Problem $18$ in the Annual MIT Integration Bee cleverly uses the year $2017$
$$\int_0^{\pi/2} \frac 1 {1+\tan^{2017} x} \, dx = \dfrac{\pi}{4}$$
There is a solution on MSE at MIT Integration Bee 2017 problem:$\int_0^{\pi/2}\frac 1 {1+\tan^{2017} x} \, dx$ : Need hints
My question is if it is possible to always get such a clean solution by modifying the year to the current year (each year) and by changing the limits of integration?

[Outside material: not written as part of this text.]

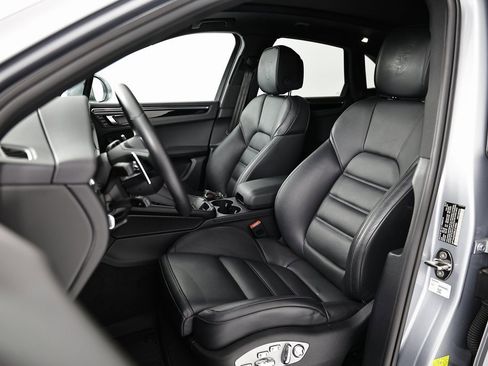 Certified 2025 Porsche Macan image 5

Can a general form be found to meet that criteria?
If you follow through the linked solution the fact that the exponent is $2017$ is not used at all. For any real $a$ we have $\int_0^{\pi/2} \frac 1{1+tan^a(x)}dx=\frac \pi 4$. It does depend on the limits of integration being $0$ and $\frac \pi 2$ so the reflection works.
Substitute the following definition of $\tan x$ as the quotient of $\sin x$ and $\cos x$ into the integral. $$\tan x=\dfrac{\sin x}{\cos x}\implies I=\int_{0}^{\pi/2} \dfrac{\cos^{2017} x}{\sin^{2017} x + \cos^{2017} x} dx \tag1$$ Now use the reflective property of Integrals stated as follows $$\int_a^b f(x)dx =\int_a^b f(a+b-x) dx \tag2$$ to obtain the equivalent of $I$ as $$I=\int_0^{\pi/2} \dfrac{\sin^{2017} x}{\sin^{2017} x +\cos^{2017} x}dx \tag3$$ Add Equations $(1)$ and $(3)$ to get $2I=\int_{0}^{\pi/2} dx$ which gives you the value of $I$ as $\frac{\pi}{4}$.
My question is if it is possible to always get such a clean solution by modifying the year to the current year (each year) and by changing the limits of integration?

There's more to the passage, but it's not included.